— About this task —
From the data below, return only the lines from the one with "Cooked Spiced Apples" through the one with "AIの回答と複数のサイトがつながる検索画面を見る利用者のイラスト", exact and inclusive, with pictures left out.

— Dataset extract —

-- Opening Marker --

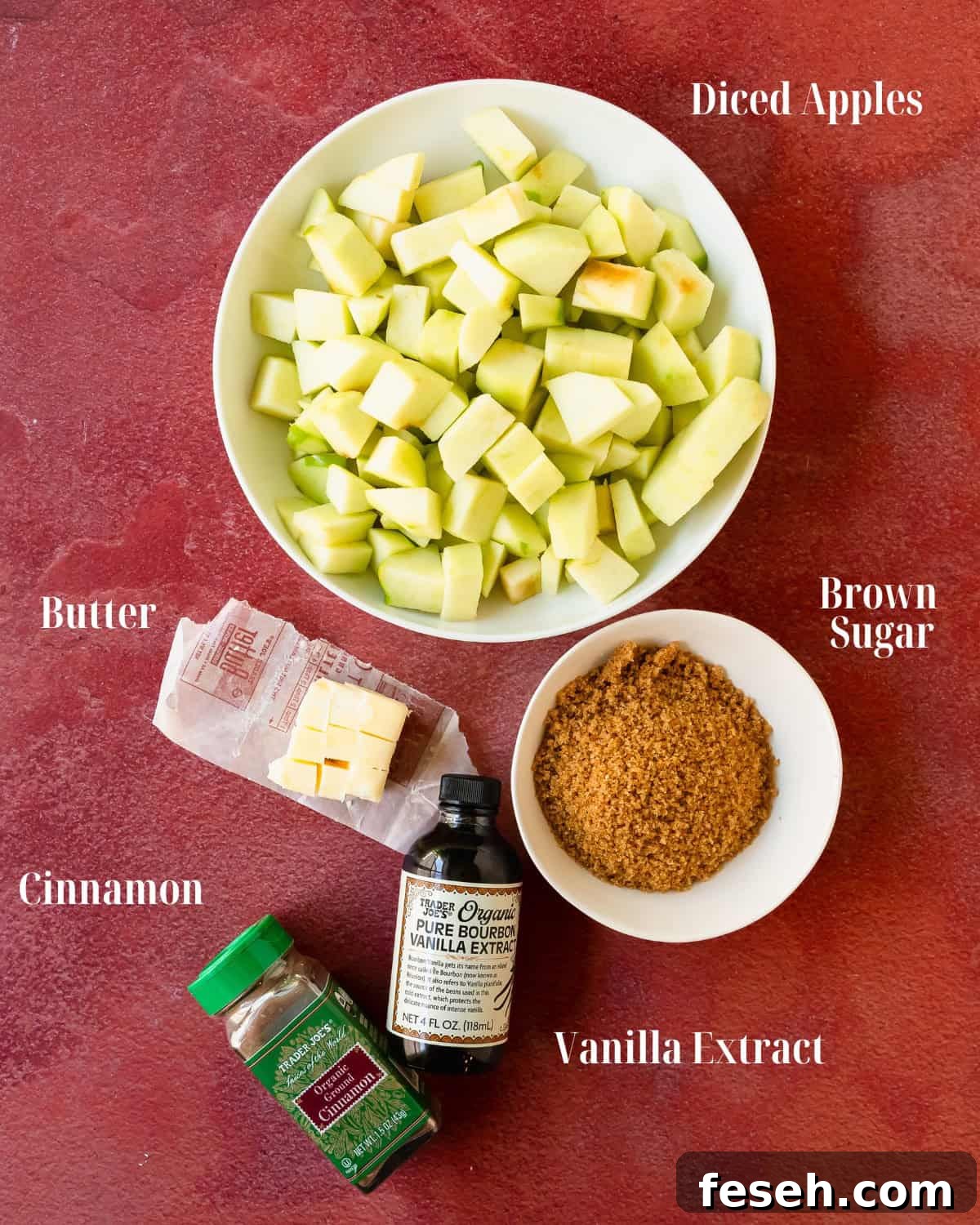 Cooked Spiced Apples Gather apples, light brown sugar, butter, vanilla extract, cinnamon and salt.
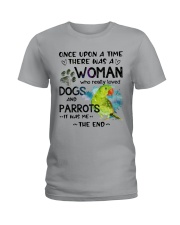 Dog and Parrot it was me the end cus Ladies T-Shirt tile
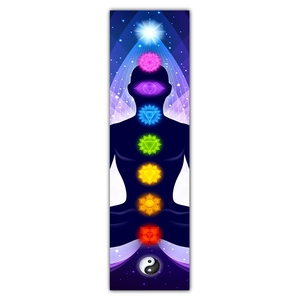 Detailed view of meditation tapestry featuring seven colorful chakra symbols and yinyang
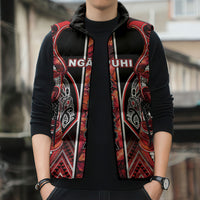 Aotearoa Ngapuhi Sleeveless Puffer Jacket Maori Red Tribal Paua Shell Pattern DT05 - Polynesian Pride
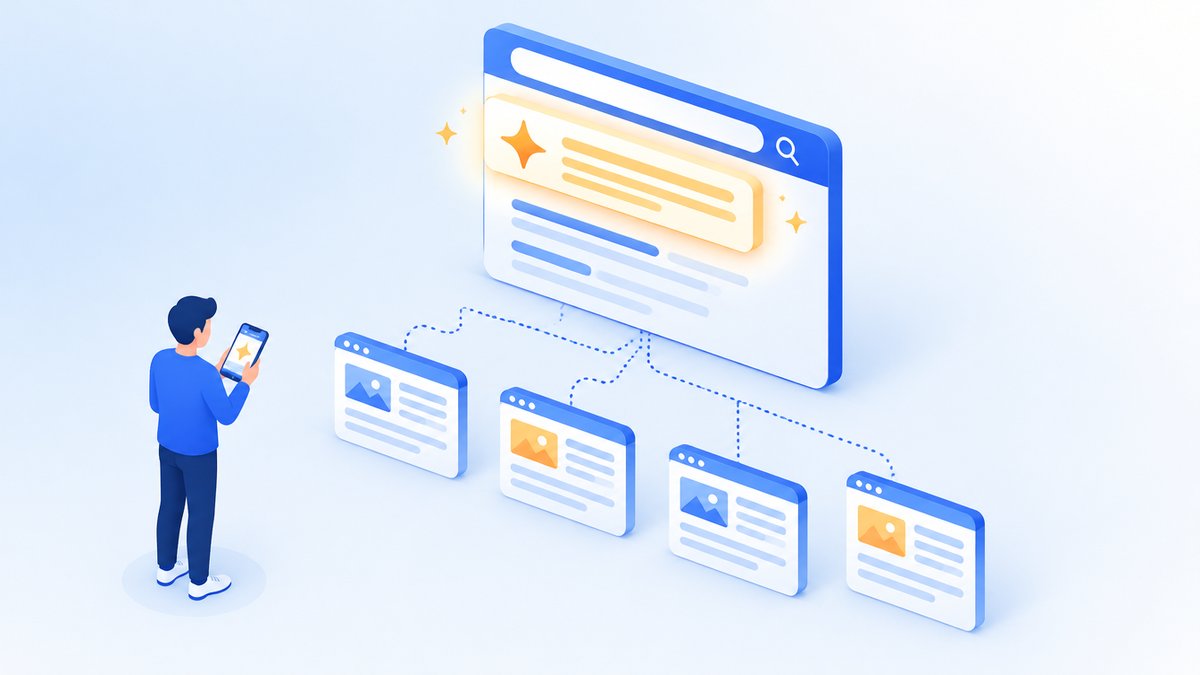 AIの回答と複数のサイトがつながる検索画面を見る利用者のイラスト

-- Closing Marker --
-- Opening Marker --

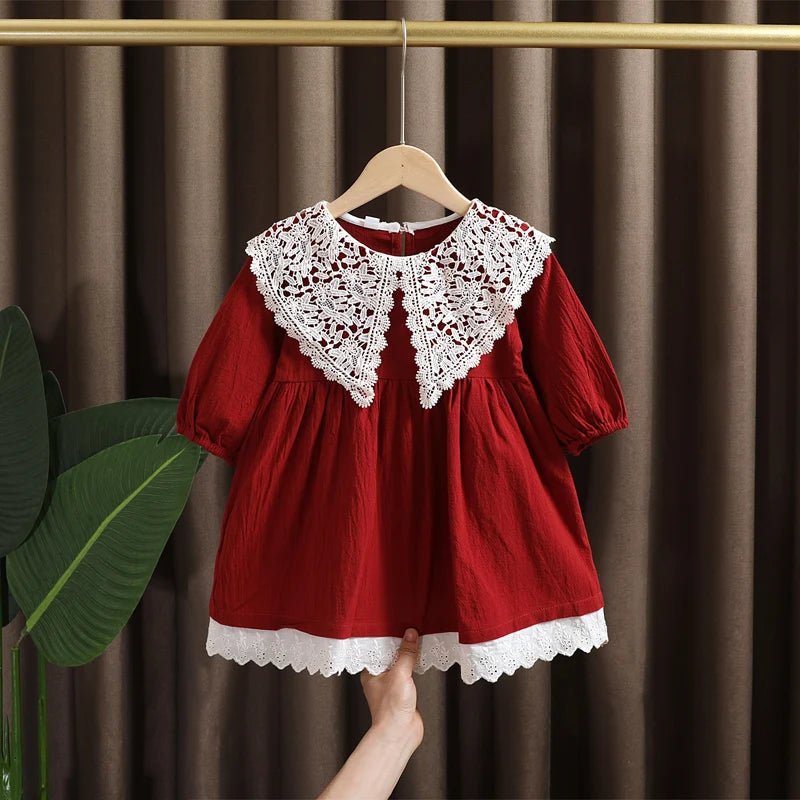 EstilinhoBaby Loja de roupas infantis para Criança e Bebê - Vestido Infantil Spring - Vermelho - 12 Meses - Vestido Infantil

-- Closing Marker --
-- Opening Marker --

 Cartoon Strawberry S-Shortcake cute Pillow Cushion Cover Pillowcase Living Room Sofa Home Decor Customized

-- Closing Marker --

— Solution below —
 Cooked Spiced Apples Gather apples, light brown sugar, butter, vanilla extract, cinnamon and salt.
 Dog and Parrot it was me the end cus Ladies T-Shirt tile
 Detailed view of meditation tapestry featuring seven colorful chakra symbols and yinyang
 Aotearoa Ngapuhi Sleeveless Puffer Jacket Maori Red Tribal Paua Shell Pattern DT05 - Polynesian Pride
 AIの回答と複数のサイトがつながる検索画面を見る利用者のイラスト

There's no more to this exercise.